Exercise: Would you please return the data below verbatim, without its pictures?

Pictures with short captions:

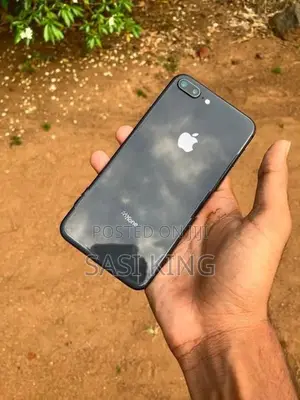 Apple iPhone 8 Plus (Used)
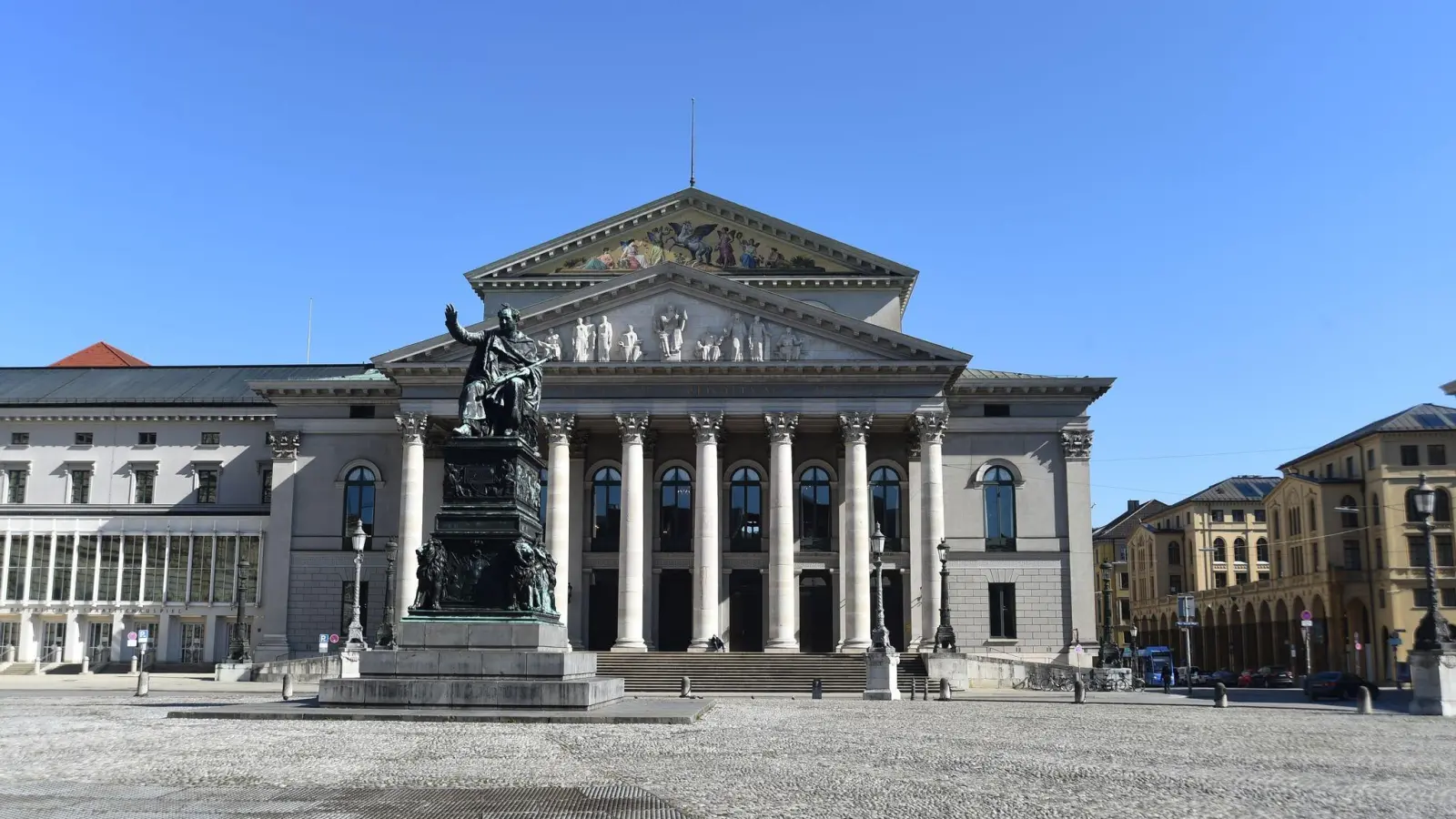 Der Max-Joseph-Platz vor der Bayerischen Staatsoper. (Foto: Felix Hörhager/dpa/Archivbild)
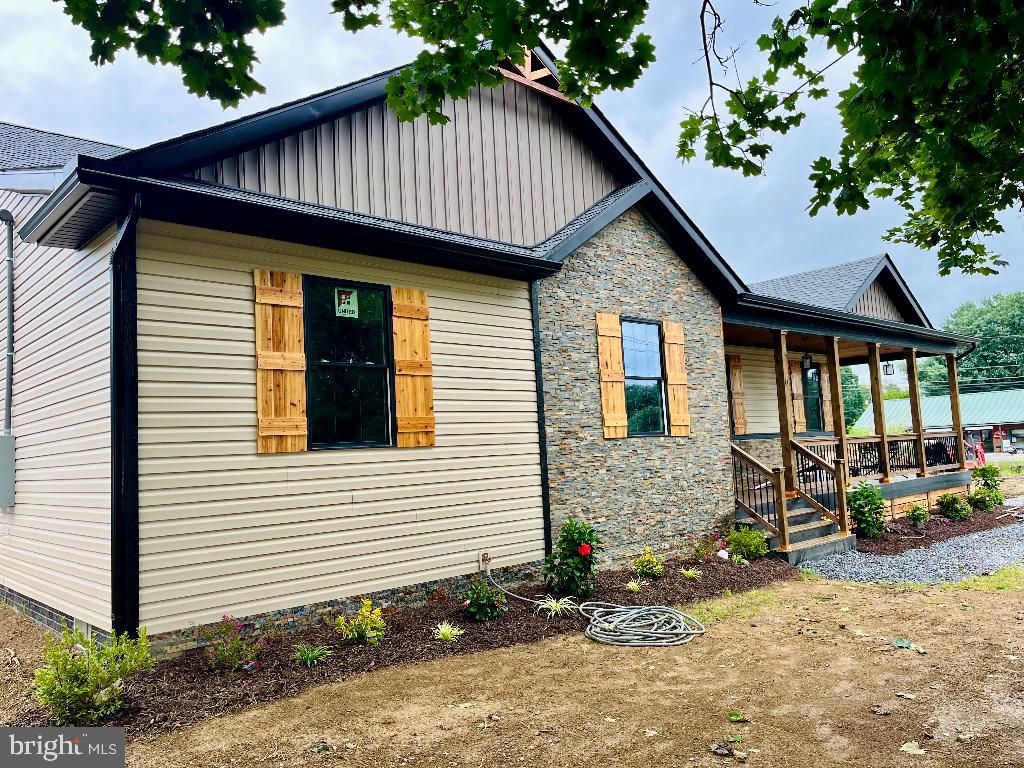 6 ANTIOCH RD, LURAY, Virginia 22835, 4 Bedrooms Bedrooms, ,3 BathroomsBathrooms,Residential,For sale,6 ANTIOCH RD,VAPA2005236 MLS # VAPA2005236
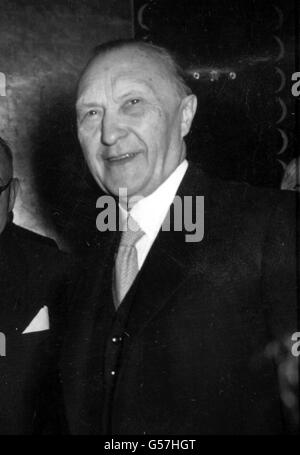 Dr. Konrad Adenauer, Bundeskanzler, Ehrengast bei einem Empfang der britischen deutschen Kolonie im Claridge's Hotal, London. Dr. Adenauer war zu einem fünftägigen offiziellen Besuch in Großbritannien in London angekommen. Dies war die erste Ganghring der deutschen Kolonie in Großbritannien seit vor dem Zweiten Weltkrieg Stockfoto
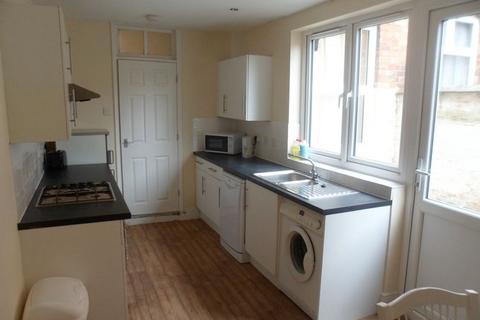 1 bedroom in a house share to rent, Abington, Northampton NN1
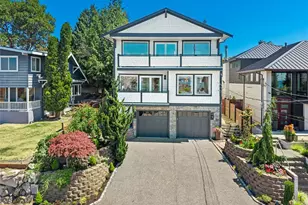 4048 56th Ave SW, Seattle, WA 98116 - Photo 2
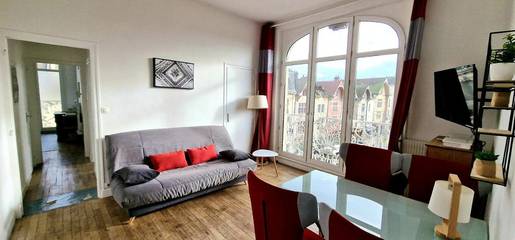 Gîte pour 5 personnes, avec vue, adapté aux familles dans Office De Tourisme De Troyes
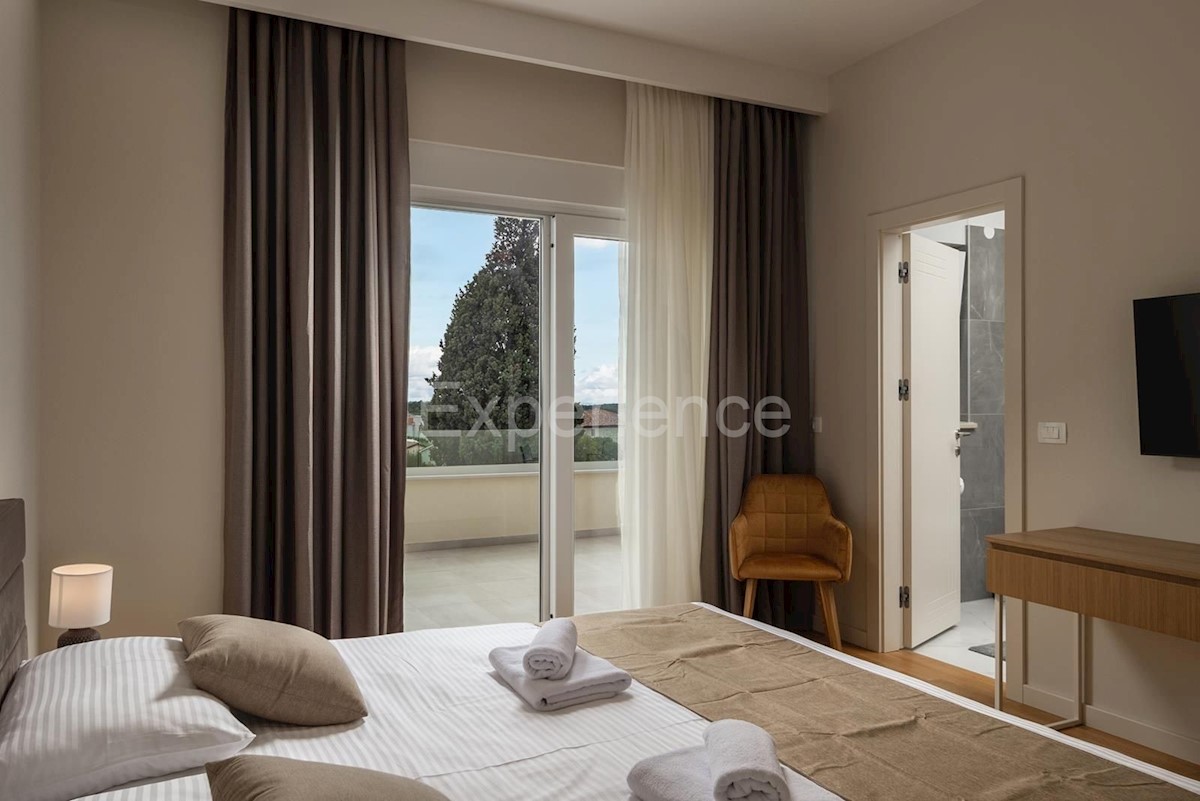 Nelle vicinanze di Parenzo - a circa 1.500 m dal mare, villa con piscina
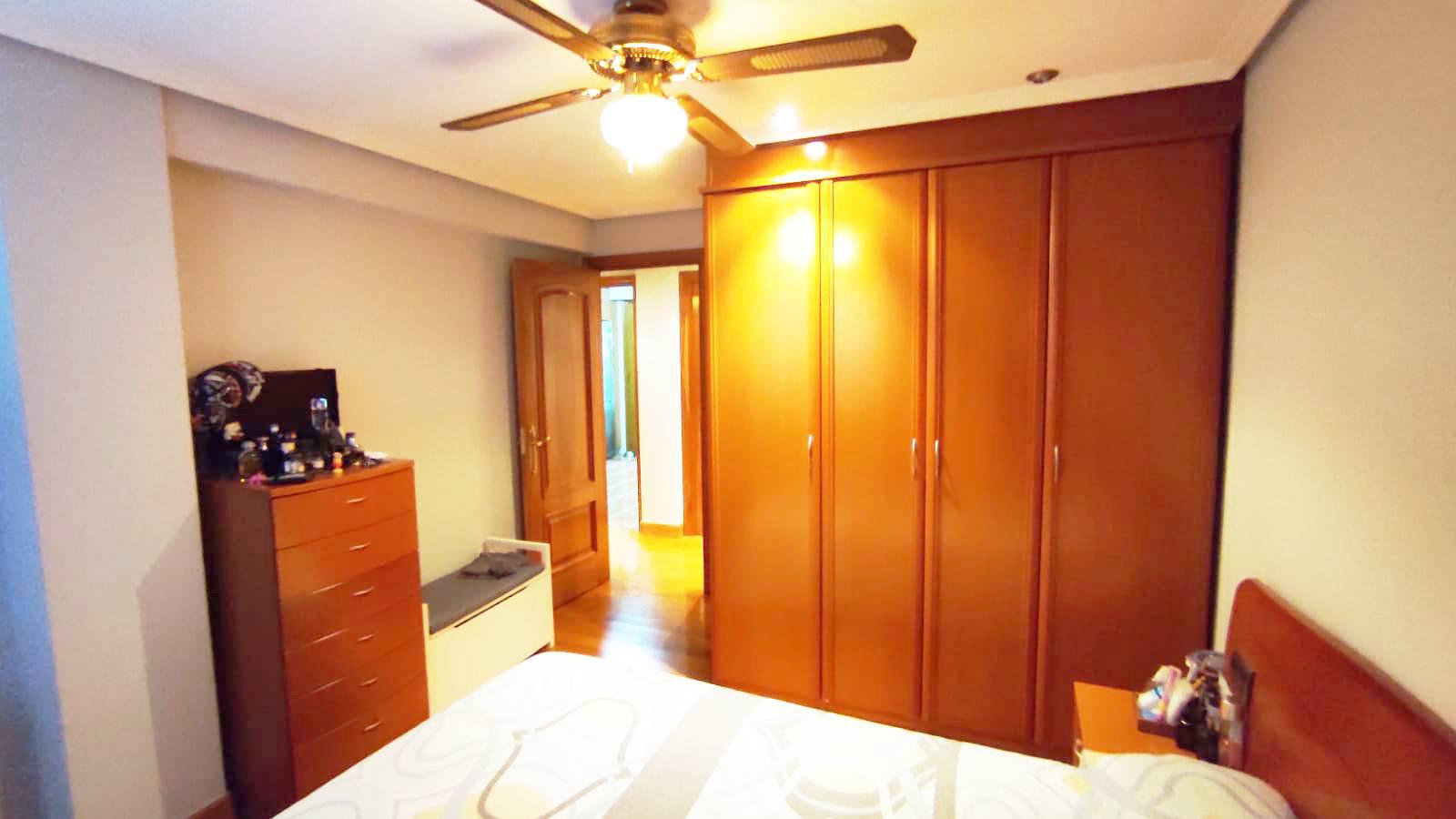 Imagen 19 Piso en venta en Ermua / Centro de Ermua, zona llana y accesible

Output of the exercise:
 Apple iPhone 8 Plus (Used)
 Der Max-Joseph-Platz vor der Bayerischen Staatsoper. (Foto: Felix Hörhager/dpa/Archivbild)
 6 ANTIOCH RD, LURAY, Virginia 22835, 4 Bedrooms Bedrooms, ,3 BathroomsBathrooms,Residential,For sale,6 ANTIOCH RD,VAPA2005236 MLS # VAPA2005236
 Dr. Konrad Adenauer, Bundeskanzler, Ehrengast bei einem Empfang der britischen deutschen Kolonie im Claridge's Hotal, London. Dr. Adenauer war zu einem fünftägigen offiziellen Besuch in Großbritannien in London angekommen. Dies war die erste Ganghring der deutschen Kolonie in Großbritannien seit vor dem Zweiten Weltkrieg Stockfoto
 1 bedroom in a house share to rent, Abington, Northampton NN1
 4048 56th Ave SW, Seattle, WA 98116 - Photo 2
 Gîte pour 5 personnes, avec vue, adapté aux familles dans Office De Tourisme De Troyes
 Nelle vicinanze di Parenzo - a circa 1.500 m dal mare, villa con piscina
 Imagen 19 Piso en venta en Ermua / Centro de Ermua, zona llana y accesible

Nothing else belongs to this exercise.